### Given entries ###

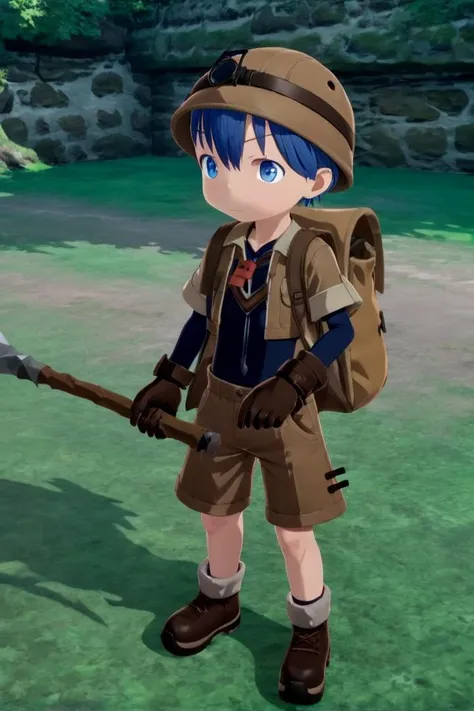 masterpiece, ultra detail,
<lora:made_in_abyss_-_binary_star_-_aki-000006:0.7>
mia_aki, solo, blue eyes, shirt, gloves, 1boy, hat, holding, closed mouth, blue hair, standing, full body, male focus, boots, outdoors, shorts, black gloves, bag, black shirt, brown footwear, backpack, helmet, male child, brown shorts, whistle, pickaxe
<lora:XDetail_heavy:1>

###
### Given entries ###

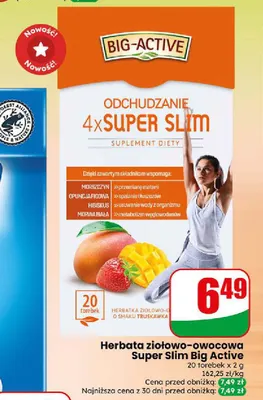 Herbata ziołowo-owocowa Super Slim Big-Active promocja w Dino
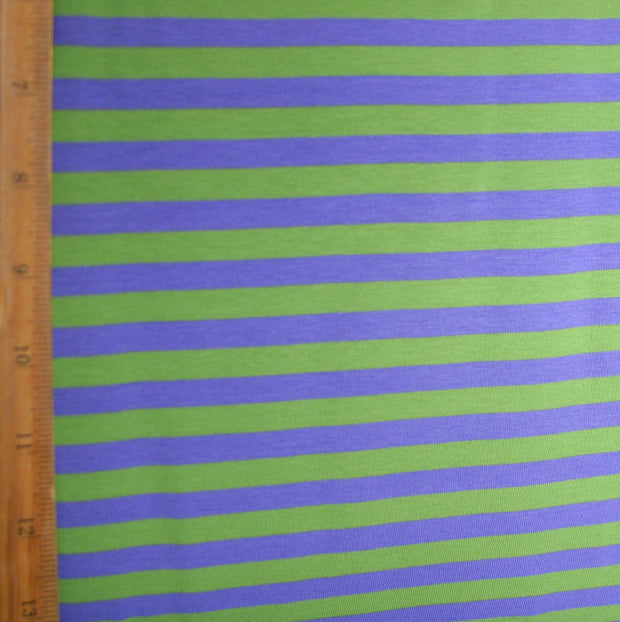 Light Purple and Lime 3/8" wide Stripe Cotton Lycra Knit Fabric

###
### Given entries ###

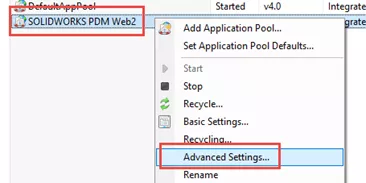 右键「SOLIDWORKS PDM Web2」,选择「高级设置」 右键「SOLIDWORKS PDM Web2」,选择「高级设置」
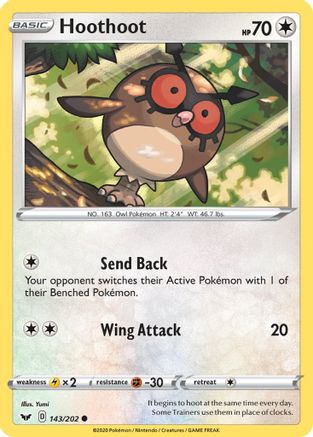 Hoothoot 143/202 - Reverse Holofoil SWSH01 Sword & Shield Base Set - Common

###

* [Work task]: An exact transcription is needed of the lines from the one with "右键「SOLIDWORKS PDM Web2」,选择「高级设置」 右键「SOLIDWORKS" to the one with "Hoothoot 143/202 - Reverse" above, both ends included, with pictures left out.

* [Solution for this task]:
 右键「SOLIDWORKS PDM Web2」,选择「高级设置」 右键「SOLIDWORKS PDM Web2」,选择「高级设置」
 Hoothoot 143/202 - Reverse Holofoil SWSH01 Sword & Shield Base Set - Common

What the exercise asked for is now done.